By Guest Author August 14th, 2014 Nutrition in the Media0 Comments
We have known for decades that fatty foods are anything but good for you, but recent media reports glorifying saturated have caused confusion. Do not be fooled. There is nothing healthful about butter, bacon, cheese, or steak. Saturated fat poses numerous severe health risks of which everyone should be aware.
This recent confusion over saturated fat may be a result of people trying to blame carbs for the nation’s weight problems—even though the country’s grain intake is actually far lower than what it once was.
What hasn’t gone down is the nation’s meat and cheese intake. In fact, it has done just the opposite. In 1909, Americans ate 123.9 pounds of meat per person per year. Since then, meat intake has soared to more than 200 pounds per person per year, and cheese intake has risen from less than 4 pounds to nearly 34 pounds per year.
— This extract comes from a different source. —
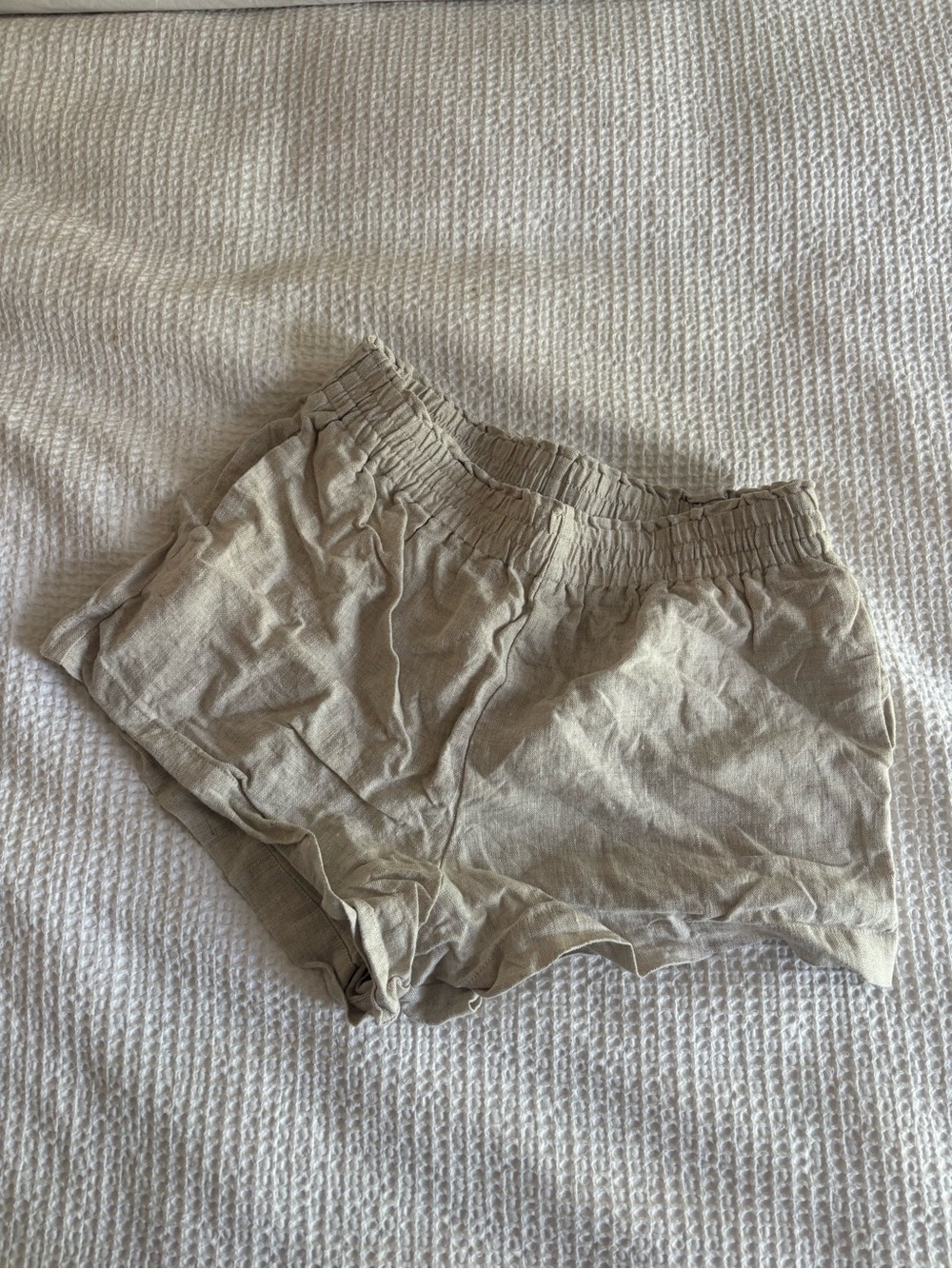 Reformation Neutral Linen Elastic Waist Shorts - small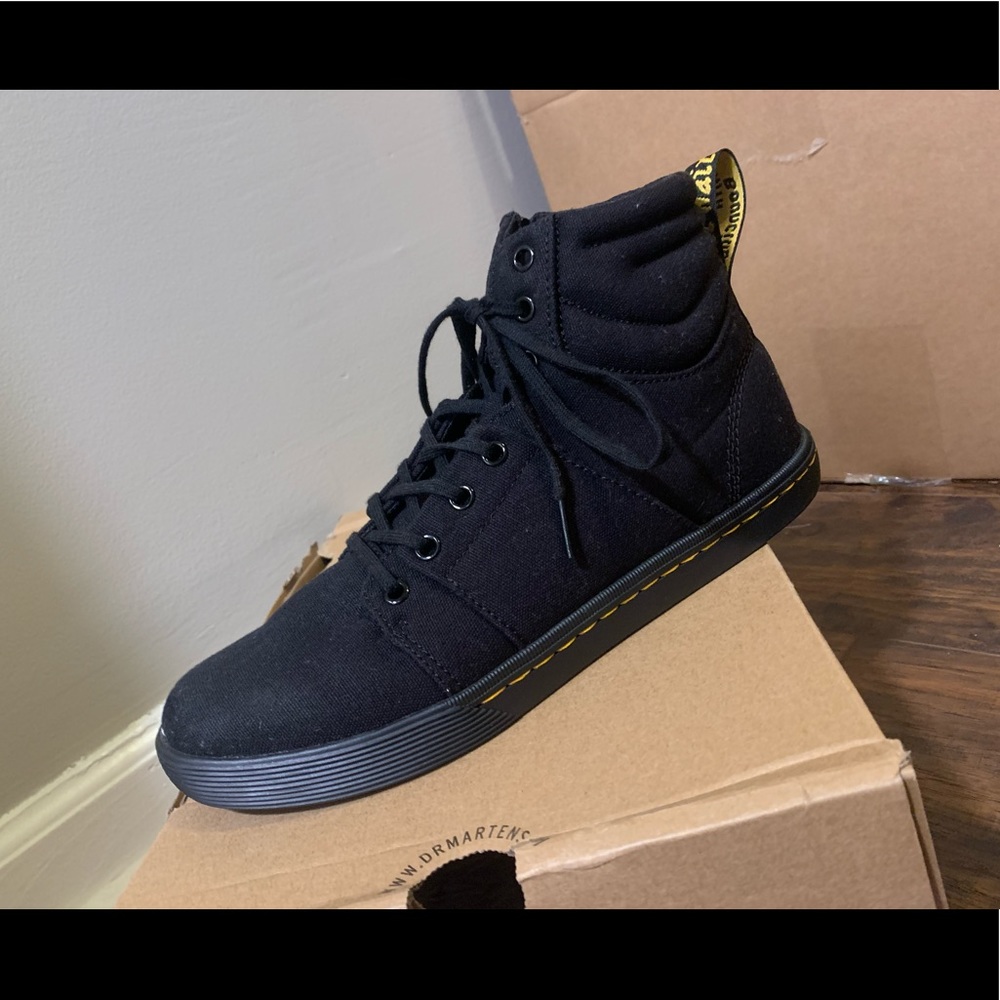 Doc Marten Rozarya II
It’s not the carbs that are making Americans sick—it’s the saturated fat in meat and cheese. Fifty percent of Americans are expected to be obese by 2030. Fetishizing fat will only exacerbate our national health crisis. And the risks associated with high-fat products do not stop at expanding waistlines.
Here are four facts you should know about saturated fat:
Saturated fat can DOUBLE the risk of Alzheimer’s disease.
Increased saturated fat intake is associated with increased risk for Alzheimer’s disease, dementia, and cognitive decline. In the Chicago Health and Aging Project, people who ate the most saturated fat had twice the risk of developing Alzheimer’s disease after four years, compared with those who ate the least saturated fat. The Washington Heights-Inwood Columbia Aging Project in New York and the Cardiovascular Risk Factors, Aging, and Dementia study in Finland also link Alzheimer’s disease risk with saturated fat intake.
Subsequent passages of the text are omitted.